In The Ashgate Research Companion to Planning
Theory Patsy Healey, specialist in architecture and urbanism, and
Jean Hillier, expert in epistemologies of planning and ethics, recollect a
multidisciplinary variety of power-critical accounts to “planning theory”,
while geography (nine “representatives”) clearly dominates. Paraphrasing the
introduction by Jean Hillier, the central concept of planning theory, “spatial
planning”, refers to ways of conceptualizing the distribution, interrelation
and circulation of things and humans in space as well as its sustaining rules
of power and the agency of the actors involved in controlling regulation
(1-34). Written for planning practitioners and for academics, the companion
neither prescribes one single definition of what planning ought to do nor
limits planning to a certain corpus of involved actors. Rather, the compilation
critically reflects the theoretical and practical complexities inherent to planning theory. Each of the 17 articles trigger an active reading
experience in rural and urban spatial planning.

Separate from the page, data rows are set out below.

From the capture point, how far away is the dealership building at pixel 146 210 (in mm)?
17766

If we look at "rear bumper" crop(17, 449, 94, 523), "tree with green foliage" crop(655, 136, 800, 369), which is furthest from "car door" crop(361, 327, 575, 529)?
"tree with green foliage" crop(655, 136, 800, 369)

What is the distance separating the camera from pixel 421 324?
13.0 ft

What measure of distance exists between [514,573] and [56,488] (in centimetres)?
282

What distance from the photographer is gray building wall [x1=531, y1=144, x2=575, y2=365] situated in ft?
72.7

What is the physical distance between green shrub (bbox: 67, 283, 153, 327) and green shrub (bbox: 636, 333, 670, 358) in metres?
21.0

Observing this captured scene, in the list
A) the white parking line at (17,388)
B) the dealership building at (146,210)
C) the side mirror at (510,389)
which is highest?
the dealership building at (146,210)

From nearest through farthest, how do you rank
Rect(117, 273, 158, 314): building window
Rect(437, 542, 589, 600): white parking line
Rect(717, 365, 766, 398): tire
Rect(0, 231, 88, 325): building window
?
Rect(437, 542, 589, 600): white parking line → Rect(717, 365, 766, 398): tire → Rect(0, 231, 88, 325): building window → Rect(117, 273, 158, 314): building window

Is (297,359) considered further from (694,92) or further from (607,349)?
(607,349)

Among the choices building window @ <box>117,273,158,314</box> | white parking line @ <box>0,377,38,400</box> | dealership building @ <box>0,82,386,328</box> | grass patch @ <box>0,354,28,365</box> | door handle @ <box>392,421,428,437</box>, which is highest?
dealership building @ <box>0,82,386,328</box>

Planning means looking at crisis from a temporal and spatial distance, a distance that the epistemological fathers of Editor Jean Hillier, Bergson and Deleuze, call virtuality: planning calls for agency while always remaining virtual and future oriented (12). Furthermore it opens a political dimension to theorizing. Planning not only has to reflect on how things are – to improve them or keep the status quo – but also must imagine a better future and ask how we want things to be, and therefore includes desires, fantasies and emotions. The editors argue for spatial planning to become praxis-in-process – a process of influencing the spatial distribution of resources and humans and land-use activities by “doing theory.”(3). The central, constructivist, objective of the volume is to reflect on the ontological difference between planning and actual change by presenting methodological tools..
Theorizing planning, as the editors add, has to
include the internationalization of knowledge production and a detailed
understanding of the working of power. The constructivist path towards the
steering of spatial relations, one might expect, could locate itself inside
co-existing knowledge and production systems, and their seemingly
incommensurable ethics and regulative orders. Does it do so?

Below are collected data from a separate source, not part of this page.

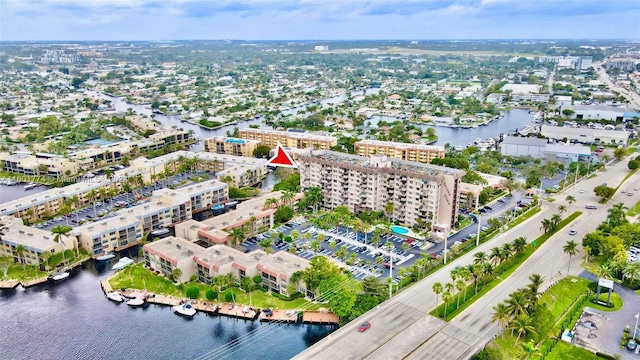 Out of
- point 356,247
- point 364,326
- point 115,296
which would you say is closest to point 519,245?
point 356,247

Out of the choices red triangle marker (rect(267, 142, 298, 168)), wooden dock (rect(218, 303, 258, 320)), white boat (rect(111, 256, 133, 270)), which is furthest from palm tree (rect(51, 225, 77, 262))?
red triangle marker (rect(267, 142, 298, 168))

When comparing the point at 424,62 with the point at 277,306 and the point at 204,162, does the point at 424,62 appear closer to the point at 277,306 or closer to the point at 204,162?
the point at 204,162

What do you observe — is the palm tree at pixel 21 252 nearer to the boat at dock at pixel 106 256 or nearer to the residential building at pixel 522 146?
the boat at dock at pixel 106 256

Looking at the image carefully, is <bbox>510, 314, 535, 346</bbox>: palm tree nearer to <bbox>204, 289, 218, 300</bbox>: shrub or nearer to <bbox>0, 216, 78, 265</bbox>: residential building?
<bbox>204, 289, 218, 300</bbox>: shrub

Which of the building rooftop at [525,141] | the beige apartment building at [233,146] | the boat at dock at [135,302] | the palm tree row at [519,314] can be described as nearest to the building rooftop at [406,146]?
the building rooftop at [525,141]

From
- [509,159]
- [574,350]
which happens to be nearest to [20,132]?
[509,159]

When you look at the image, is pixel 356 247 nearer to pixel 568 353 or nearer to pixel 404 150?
pixel 568 353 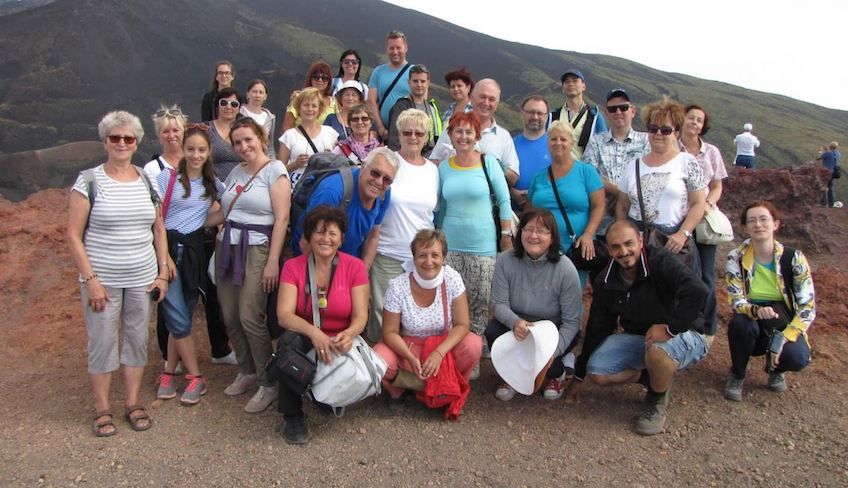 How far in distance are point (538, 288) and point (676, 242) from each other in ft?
3.14

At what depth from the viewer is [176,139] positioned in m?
3.68

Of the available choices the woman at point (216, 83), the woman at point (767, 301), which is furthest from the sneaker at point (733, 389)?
the woman at point (216, 83)

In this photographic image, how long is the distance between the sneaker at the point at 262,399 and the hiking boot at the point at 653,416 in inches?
90.5

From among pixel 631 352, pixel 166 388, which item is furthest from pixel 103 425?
pixel 631 352

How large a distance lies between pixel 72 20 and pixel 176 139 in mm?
15482

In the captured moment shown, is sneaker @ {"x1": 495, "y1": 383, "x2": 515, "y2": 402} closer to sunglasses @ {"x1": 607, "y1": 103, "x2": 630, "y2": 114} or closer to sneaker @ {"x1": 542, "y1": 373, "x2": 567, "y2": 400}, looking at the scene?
sneaker @ {"x1": 542, "y1": 373, "x2": 567, "y2": 400}

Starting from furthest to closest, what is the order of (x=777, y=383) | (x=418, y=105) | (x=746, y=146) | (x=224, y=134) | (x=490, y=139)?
(x=746, y=146) < (x=418, y=105) < (x=224, y=134) < (x=490, y=139) < (x=777, y=383)

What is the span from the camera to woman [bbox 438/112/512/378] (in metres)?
3.92

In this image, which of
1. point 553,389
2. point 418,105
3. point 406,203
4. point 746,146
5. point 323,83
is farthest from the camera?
point 746,146

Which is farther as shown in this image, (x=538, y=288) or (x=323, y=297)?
(x=538, y=288)

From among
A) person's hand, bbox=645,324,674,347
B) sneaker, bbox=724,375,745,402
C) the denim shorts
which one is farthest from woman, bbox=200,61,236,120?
sneaker, bbox=724,375,745,402

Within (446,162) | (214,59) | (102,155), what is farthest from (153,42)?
(446,162)

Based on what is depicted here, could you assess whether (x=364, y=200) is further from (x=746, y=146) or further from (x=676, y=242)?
(x=746, y=146)

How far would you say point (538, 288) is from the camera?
375 centimetres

The book is divided into three parts: “Perspectives on
Spatial Planning Practice”, “Conceptual Challenges for Spatial Planning
Theory“, and “Spatial Planning in Complexity”, each of which addresses the experimental
character on planning praxis. The multifaceted topics range from governance
(Gualini) and ecological sustainability (Swyngedouw), via whiteness (Huxley),
indigenous rights and coloniality (Howitt and Lunkapis) to urban informality
(Roy) and the “utopian city” (Pinder). In structuring the contributions, the
editors opt against a “controlled pluralist structure based on a theoretical
frame”. They understand “the book-rhizome” as “a product of the connections
between its component chapters” to which “the individual chapters perform
´lines´ which transgress the boundaries between disciplinary traditions,
between theory and practice, making connections between papers, becoming
intertwined in readers´ minds to provoke new modes of thought” (p.21). The
tripartite structure does not prescribe an order for reading, even less so
because the conceptual debates, the papers intervene in, interrelate, and
crosscut those lines. In accordance with the invitation to a rhizomatic
reading, this review addresses articles related to my central interests: urban
informality, the post-colonial metropolis, spatialized power, and planning
epistemologies.
Planning and the city
I found Ananya Roy´s chapter to be among the most
interesting articles working on “the urban”. The professor of City and Regional
Planning at Berkeley is the leading contemporary academic in de-constructing
the notion of informality; and to shift its understanding from “unaplanned,
chaotifc and disorderly forms of urbanism” towards its entanglement “with
structures of planning” relating state and community action (87). From this
perspective she questions not only the planners´ fantasy to effectively tame
space, but also the prevalence of euro-centered geographical epistemologies
that are inherent in it, and that idealize a neutral administrative planning
body opposed to a deviant dis-order, exercised by the urban poor and their
informal economy.
Planning and the spatialization of power
I found Howitt´s and Lunkapi´s work on colonialism to
be exemplary, due to its close grounding in region-specific findings. It addresses
the way “indigenous Rights” claimed by Aborigines in Australia challenge
spatial planning. Against a presumed political neutrality of planning, it shows
the extent to which spatial planning can include the silencing of rights and of
non-technocratic planning. The coexistence and heterogeneity of histories,
voices, cultures and lifestyles seriously questions the adequateness of
Eurocentric “top-down” planning tools, as well asand the exclusionary effect of
spatialization when it circumvents alternative approaches: what the authors
call “insurgent” and “transformative” planning and communicative, participatory
action.
Epistemologies of planning
Articles on epistemologies of planning face a
constructivist paradox: Does reality
exist only if and when it is being planned, and only then? Various accounts
that range from Foucault´s genealogy via Dewey´s pragmatism and Latour´s
Actor-Network-Theory to complexity theory argue that planning, as its existence
in the human activity vocabulary is undeniable, should be limited in its
self-confidence to effectively manage, steer, govern, or whatever else
metaphors express spatial control.
For taking recourse to Cybernetics (Ashby 1956!), a
discipline “concerned with the functioning of all machines”, I consider Karadimitriou´s
approach as the most innovative one in this volume. The expert in spatial
planning, complexity theory and urban regeneration policies states an easy
formula: the bigger the difference in complexity between controlling and
controlled system the greater the necessity of the former to be restrictive. In
other words, a planning system (a state, a firm) will fail if it cannot either
strengthen its restrictive functionality or its internal complexity and participation-building
channels of communication that negotiate
self-organizing social systems. Thus, total control is not only “undesirable”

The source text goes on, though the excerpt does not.